**WORK TO COMPLETE:** Using the data that follows, output only the lines from the line with "Toyota Camry 2019 thumb 2" up to and including the line with "PALOMA - Top Deck Jacuzzi", exactly, leaving pictures aside.

**GIVEN ENTRIES:**
--- START ---

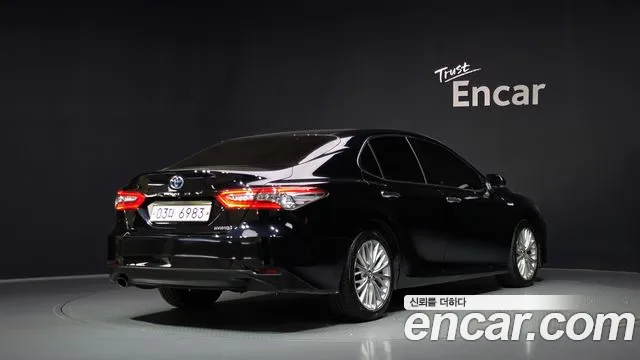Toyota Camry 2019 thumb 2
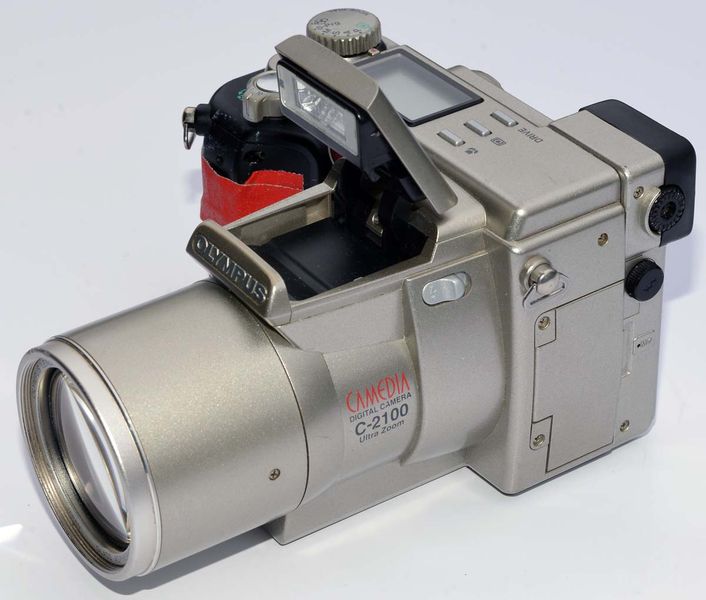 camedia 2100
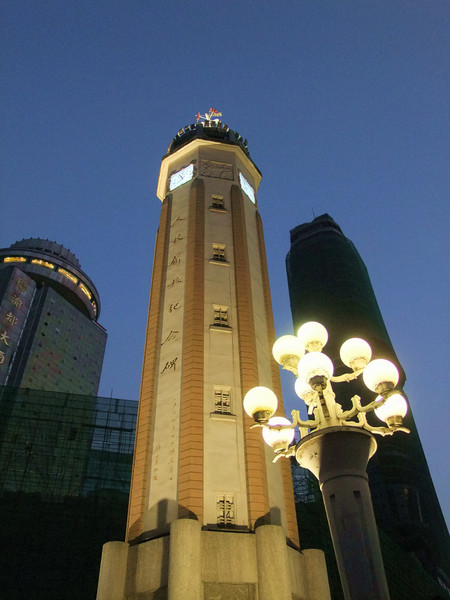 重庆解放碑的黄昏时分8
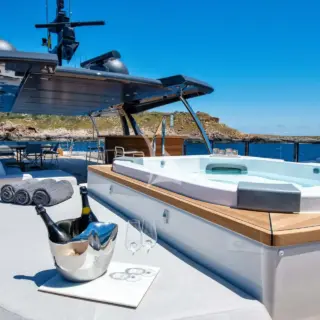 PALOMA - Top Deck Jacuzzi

--- END ---
--- START ---

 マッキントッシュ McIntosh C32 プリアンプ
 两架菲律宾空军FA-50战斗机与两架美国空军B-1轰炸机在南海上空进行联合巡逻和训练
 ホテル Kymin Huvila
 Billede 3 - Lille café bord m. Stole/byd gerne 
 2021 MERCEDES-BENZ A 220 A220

--- END ---

**ANSWER TO THIS EXERCISE:**
Toyota Camry 2019 thumb 2
 camedia 2100
 重庆解放碑的黄昏时分8
 PALOMA - Top Deck Jacuzzi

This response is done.